Такое сужение образа мира позволяет отсечь все лишнее, включая дополнительные смыслы, накапливающиеся за долгое существование за каждым словом. К тому же для решения частных задач вроде задач какой-нибудь науки, важно не совершенное соответствие действительности, а возможность выкладывать непротиворечивые рассуждения. Единственное условие: эти рассуждения должны быть достаточными по объему, чтобы решать задачи своей науки. Как пример: химия девятнадцатого века не учитывала физику и была верна, пока не дошла до того уровня, на котором без физики больше не может. После этого пришлось раздвинуть рамки науки и создать новый способ рассуждать о химии.
Так, во всех науках стоит задача настолько ограничить объем своего предмета, чтобы он был обозрим, а значит, доступен разумному рассуждению. И рассуждение это было бы непротиворечиво, то есть позволяло находить решения задач науки, в которых нельзя обнаружить ошибок. Отсутствие ошибок в рассуждении считается первейшим признаком верности решения. В действительности, это самообман. Самые непротиворечивые утверждения или суждения логики могут быть ложью или ловушкой, если они не соотносятся с действительностью. Подобные парадоксы на века ставят логиков в тупик, как знаменитые апории Зенона или утверждение: один крестьянин сказал, что все крестьяне врут.
Без психологии логика мертва – это всего лишь языковая игрушка. Но она, как и математика, будит честолюбие ученых, возбуждая надежду, что либо приведет их к овладению магией, либо позволит описать причинный уровень действительности, что равносильно божественности.
Тем не менее, если сохранять разум здоровым и не заигрываться, что всего лишь создаешь оружие, то создание ограниченных пространств сознания может быть чрезвычайно полезным. Надо лишь принять, что все подобные пространства – либо орудия, либо учебные площадки для разума, что одно и то же.

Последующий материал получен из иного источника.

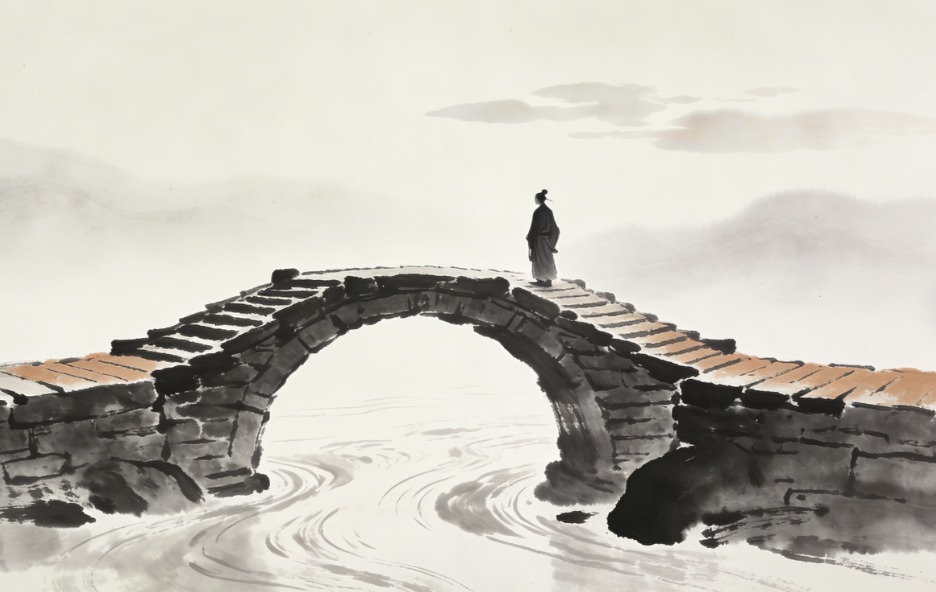 图片[1]-想修复破裂关系？先看清这背后的扎心现实
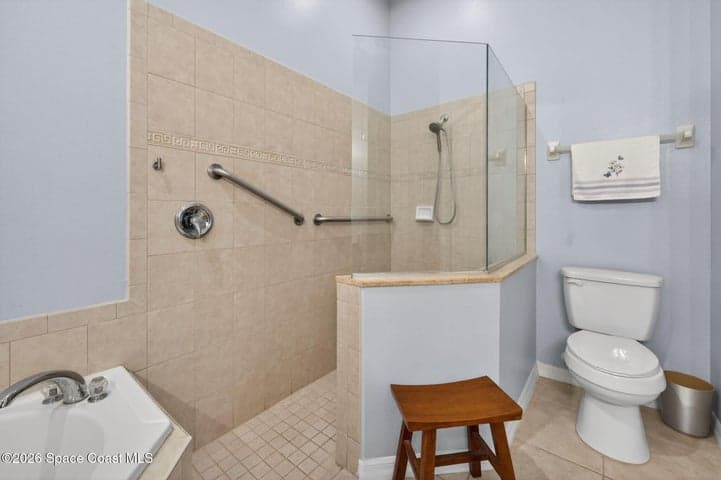 590 Wedge Court SE, Palm Bay, FL 32909 — photo 28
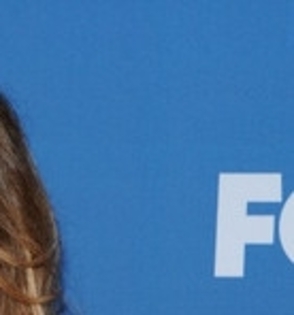 Jennifer+Lopez+American+Idol+Finalist+Party+PuUkcJl6ANGl_003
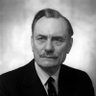 Enoch W Wright's profile picture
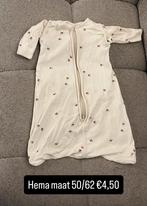 Babykleding & setjes – HEMA, Noppies, Quapi,– maat 50 t/m 80, Ophalen of Verzenden, ., ., .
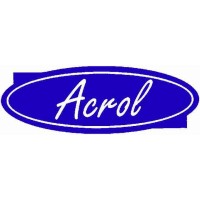 ACROL MODULAR BUILDINGS LTD logo - Similar company to Modular500 Limited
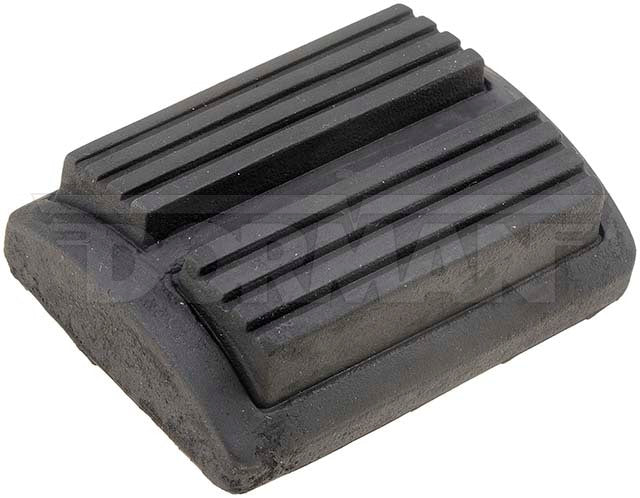 Dorman Brake Pedal Pad P/N 20727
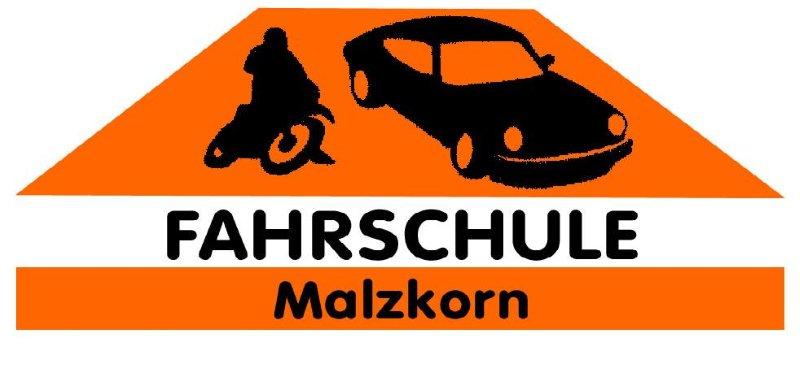 Fahrschule Malzkorn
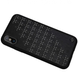 Чехол Nillkin Star для Iphone X / XS Черный / Black 68287 2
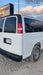 2025 CHEVROLET Express Van - Rental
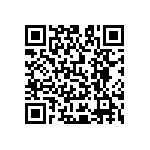 Y0775500R000Q0W QRCode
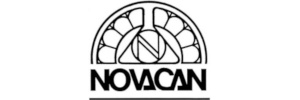 Novacan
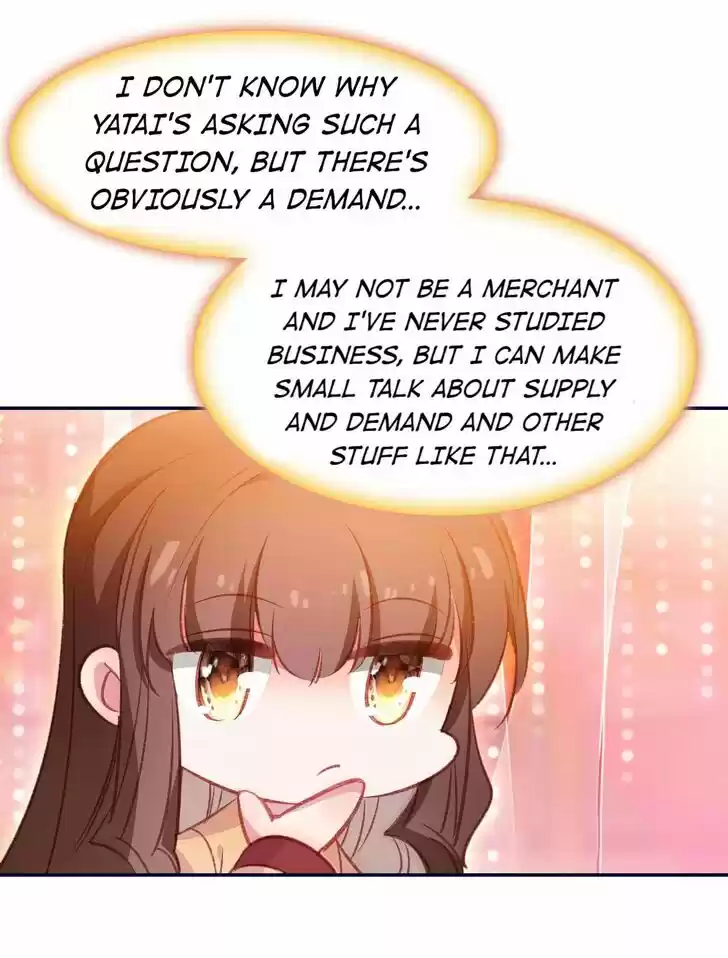 Jia Gei Yi Ge Si Tai Jian Vol.01 Ch.059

Вот этому искусству стоит обучиться. И опять же у нас есть, на что опереться. Все детские игры – это опыты в том, как создавать учебные пространства сознания. Более того, любая игра – это ограниченный мирок, в котором строго заданы условия, то есть законы и образ мира. А также создан язык, иногда всего из нескольких слов, которых хватает для решения игровых задач. Именно игры мы расширяем до логик и наук.
Чем важны и полезны игры? Тем, что они позволяют отработать какие-то дела или освоить часть мира в защищенных условиях. А затем вынести обретенные умения в большой мир. Так же и логику сначала изучают как таковую, а затем применяют к жизни, проверяя свои рассуждения. И любая наука однажды должна освоиться ученым, чтобы все лишнее отвалилось, а научность была унесена им в мир. Так психологи изучают научную психологию затем, чтобы однажды выкинуть весь наукообразный хлам и стать просто умными людьми в быту. Настоящие психологи – это бытовые психологи, которым удается добиваться своих целей в жизни.
Вот этому и надо учиться. Не только тому, как создавать игровые и учебные пространства сознания, а значит, подбирать достаточный образ мира и законы для решения своих задач на знаковом уровне. Но и тому, как выносить освоенное за рамки искусственного мира в большой разум. И так менять его. Это и есть обучение разума, доступное нам.
Глава 10. Я умнее
Все проделанное мною описание условий, в которых происходит обучение думанию, необходимо, чтобы обнаружить в себе страстное желание быть умнее. Нам оно более знакомо в виде: быть умнее других. Но это только от отсутствия культуры самоосознавания и очищения. По мере того как ты убираешь личностные проявления, все ярче выступает и основная потребность – просто быть умнее.